## WHAT IS NEEDED
Because the images are not wanted, restate every line below word for word without them.

## SUPPLIED MATERIAL
==========

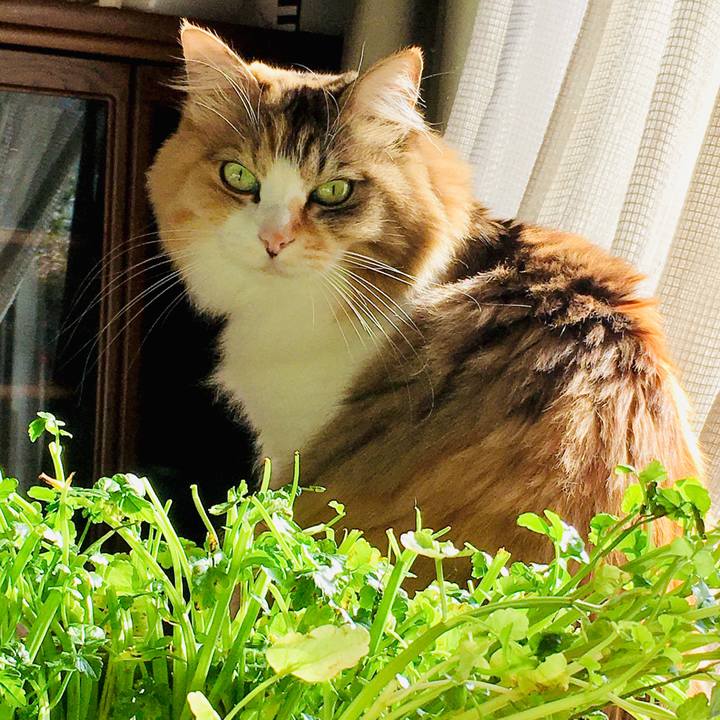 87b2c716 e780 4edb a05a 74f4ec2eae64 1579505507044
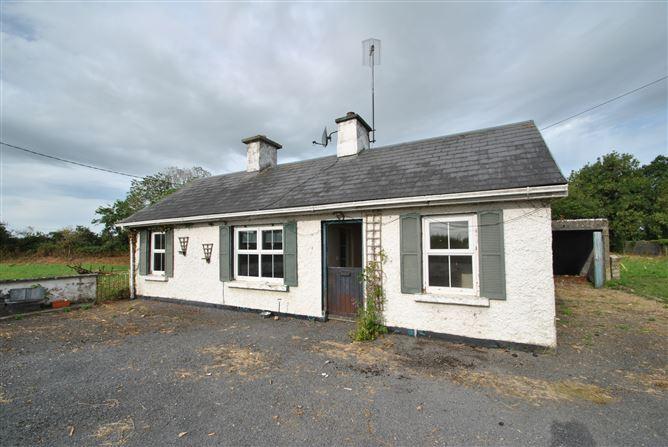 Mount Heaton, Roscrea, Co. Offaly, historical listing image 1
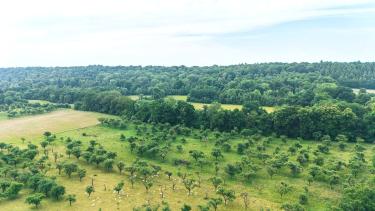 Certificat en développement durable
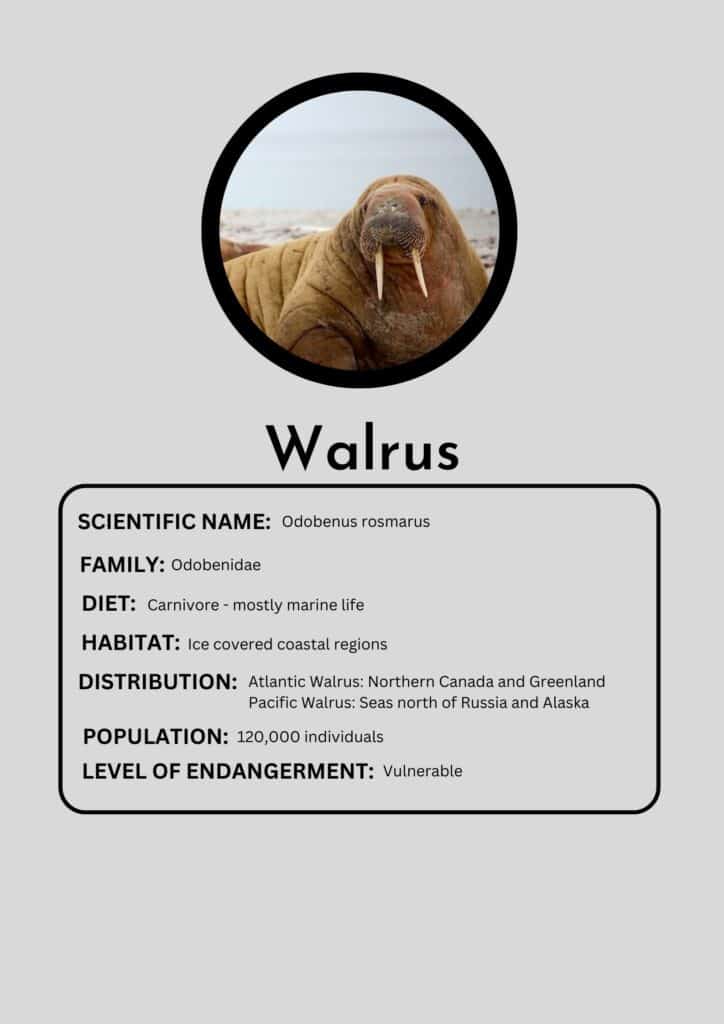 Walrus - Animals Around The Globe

==========

## EXPECTED OUTPUT
 87b2c716 e780 4edb a05a 74f4ec2eae64 1579505507044
 Mount Heaton, Roscrea, Co. Offaly, historical listing image 1
 Certificat en développement durable
 Walrus - Animals Around The Globe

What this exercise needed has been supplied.